THE EDUCATION Ministry is trying to prevent political interference in its work by pushing for new legislation.

The ministry's permanent secretary Sutthasri Wongsamarn has vowed to raise the issue with the National Council for Peace and Order (NCPO) early next month.

It is one of the many suggestions made during a recent Educational Reform for Thailand's Reform seminar.

"We will present the seminar's summary for the NCPO to consider," she said.

Sompong Jitradub, who teaches at Chulalongkorn University's Faculty of Education, told the seminar that the new legislation should be drafted and enforced to prevent political meddling.

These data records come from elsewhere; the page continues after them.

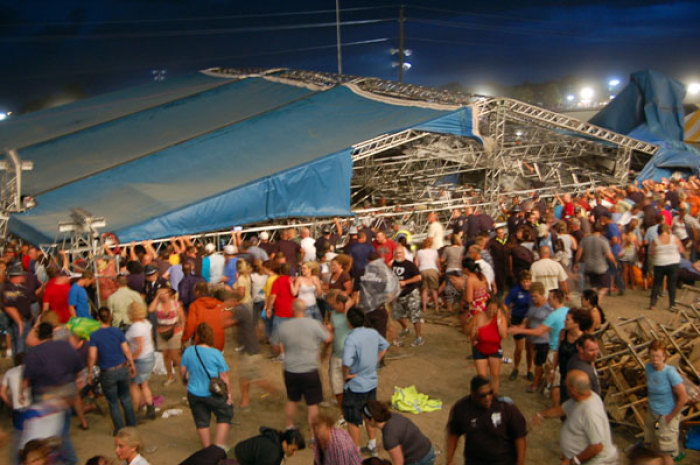 Concertgoers and emergency personnel hold up the stage roof and rigging after it collapsed minutes before a concert by Sugarland at the Indiana State Fairgrounds in Indianapolis August 13, 2011. Four people were killed and at least 40 people were hurt when the stage collapsed in windy weather at the fair on Saturday, just minutes before country music duo Sugarland was set to perform.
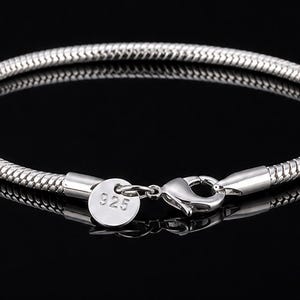 Könnte beinhalten: Ein silberfarbenes Armband mit Schlangenketten-Design. Das Armband hat einen Karabinerverschluss und ein kleines, rundes Etikett mit der Aufschrift "925". Das Armband wird auf einer reflektierenden schwarzen Oberfläche präsentiert.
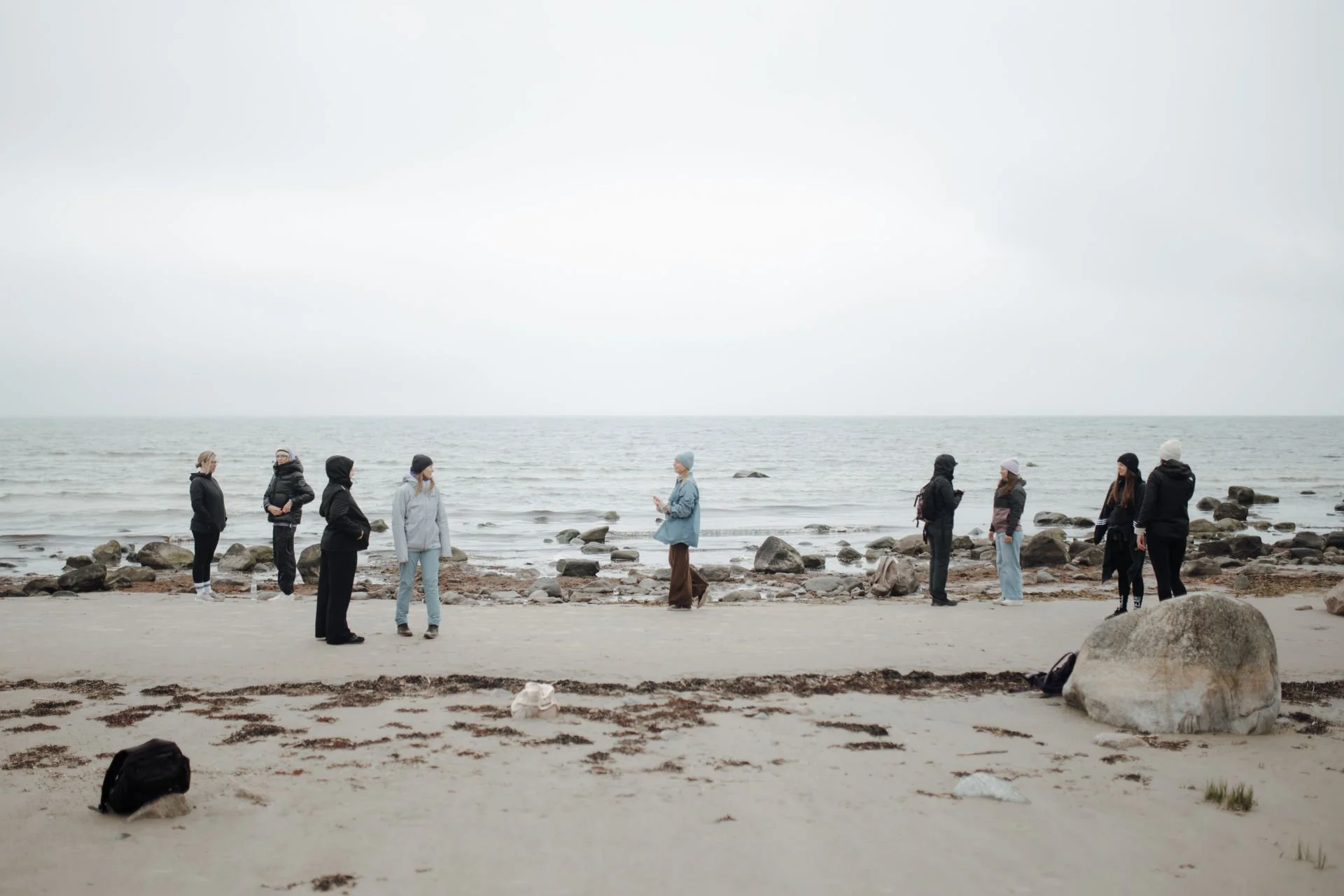 A group of people standing on a beach, facing the ocean on a cloudy day, with rocks scattered along the shore, dressed in jackets and warm clothing.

Former education minister Varakorn Samakoses shares the same view. Speaking at the seminar, he pointed out that when new politicians or new parties come to power, they change education policies and disrupt ongoing work.

"So, we have to prevent political-office holders from intervening in work that must be done," he said.

"Politicians shouldn't try to please teachers. We need accountability in the educational system."

Yongyuth Yuthavong, a social-psychology adviser to the NCPO, said the junta had given serious attention to education reform because education was a key facet in creating a peaceful and harmonious society.

"We need to inculcate the right judgement in people and we need to develop an accountable education system," he said.

Yongyuth also supported the idea of issuing gold cards for students to use in seeking free education at a school they want to attend.

Many speakers at the seminar emphasised the need for capable and ethical teachers and trying to produce morally sound students.